Fala onde você colocou ele!
-Calma, Dara. Se eu tive
coragem de levar seu namorado comigo, é porque eu realmente vou cumprir com a
promessa de devolvê-lo. Só que você tem uma conta a acertar comigo.
-Como é que eu vou saber
que você não está mentindo?
-Não tem como saber.
Esse risco você vai ter que correr se quiser ver seu Antonio escapar com vida.
Avisei no início do capítulo que iria te atacar onde mais doesse em você-
aproxima-se da juíza colocando a bandana em seus olhos.
-Pra quê isso?
-Vou te levar aonde seu namorado está.

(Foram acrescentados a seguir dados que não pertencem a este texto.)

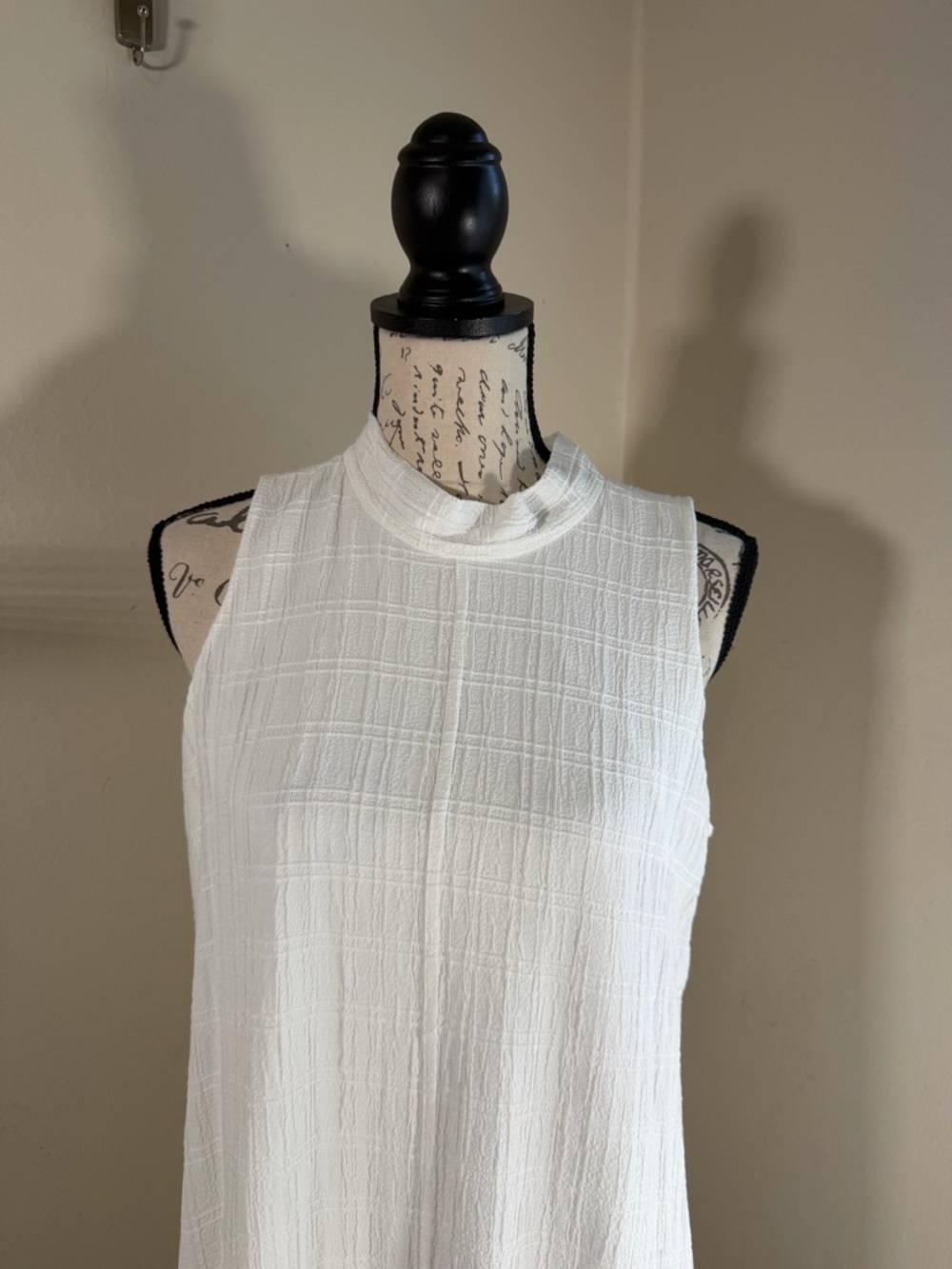 Calvin Klein White Sleeveless Mini Shift Dress - Picture 2 of 6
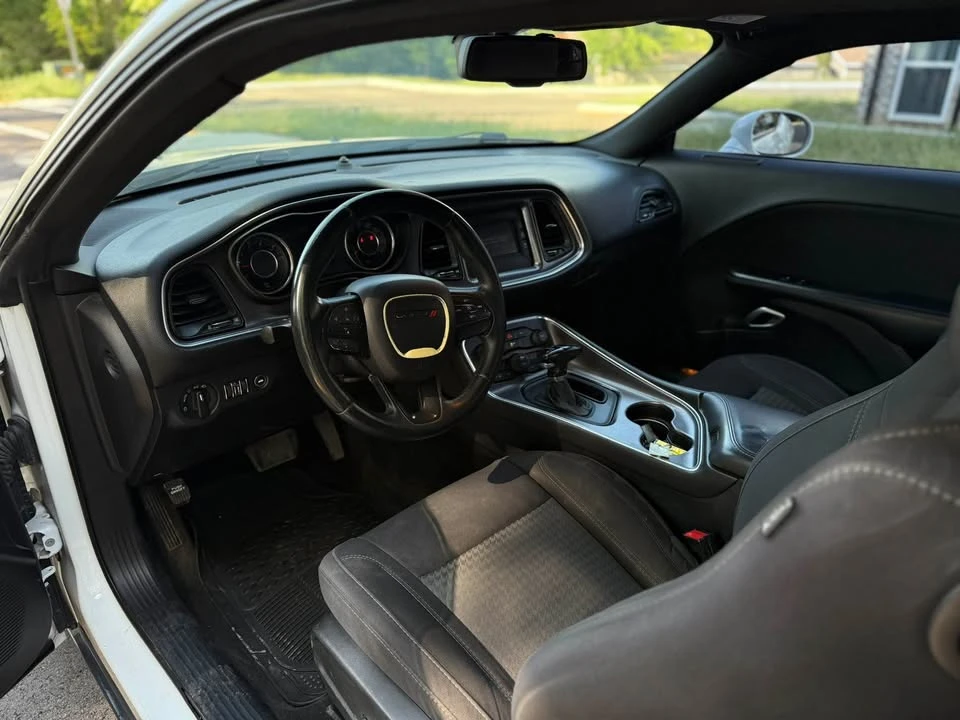 2016 Dodge Challenger 3rd Gen - Image 8 of 13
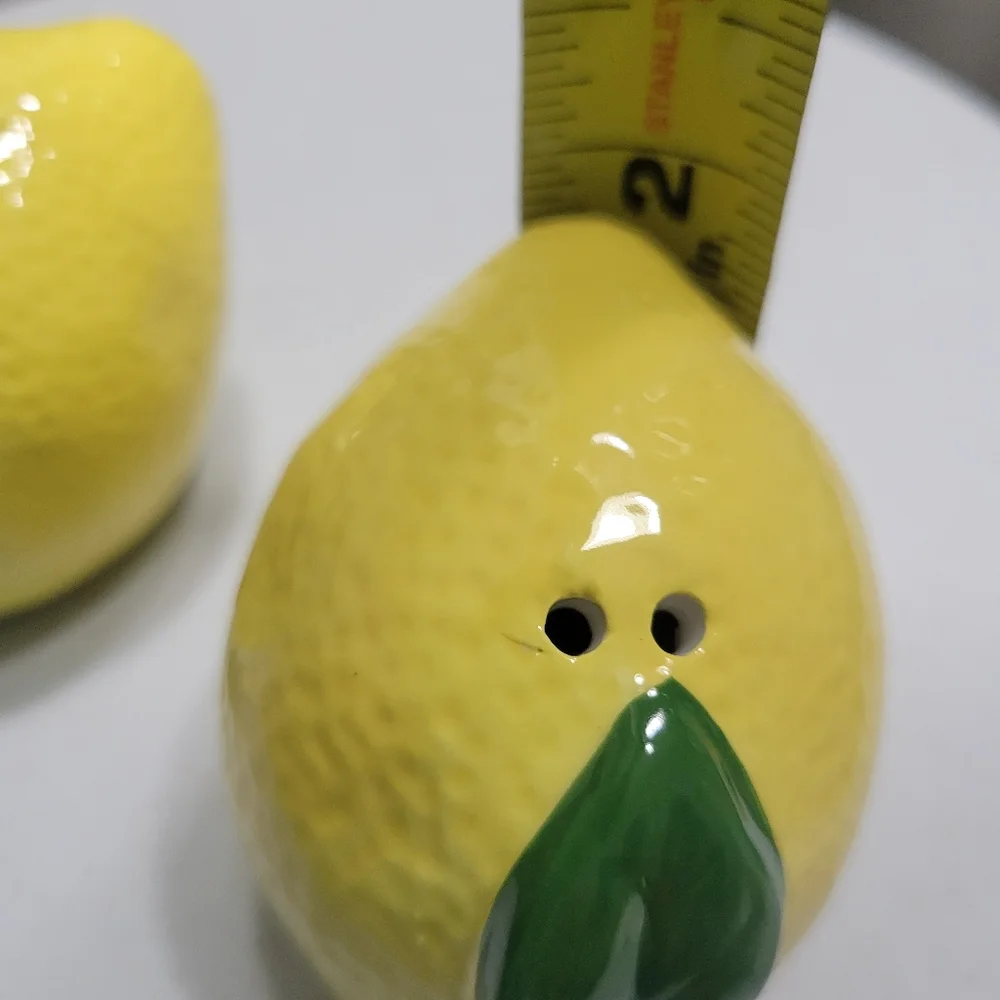 Lemon Salt and Pepper Shakers Ceramic Set   NEW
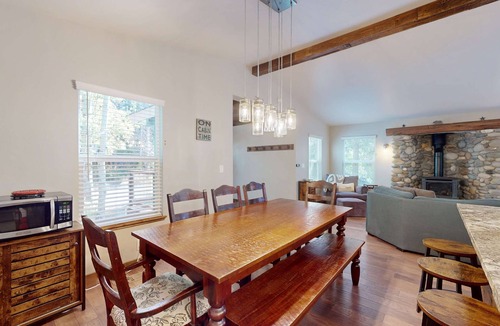 Tahoe Pines Cabin | Homewood Cabin Among the Pines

Mas vou
logo lhe avisando: depois disso, vai conhecer um homem de verdade.
-Quem? Tarcísio Meira?
-Já pensou em fazer "A
Praça é Nossa"? Entra no carro agora!
Coelho conduz Dara até o
banco do passageiro e sai calmamente com o veículo fazendo uma coisa que só os
anos 90 permitiam: dar uma gargalhada fatal.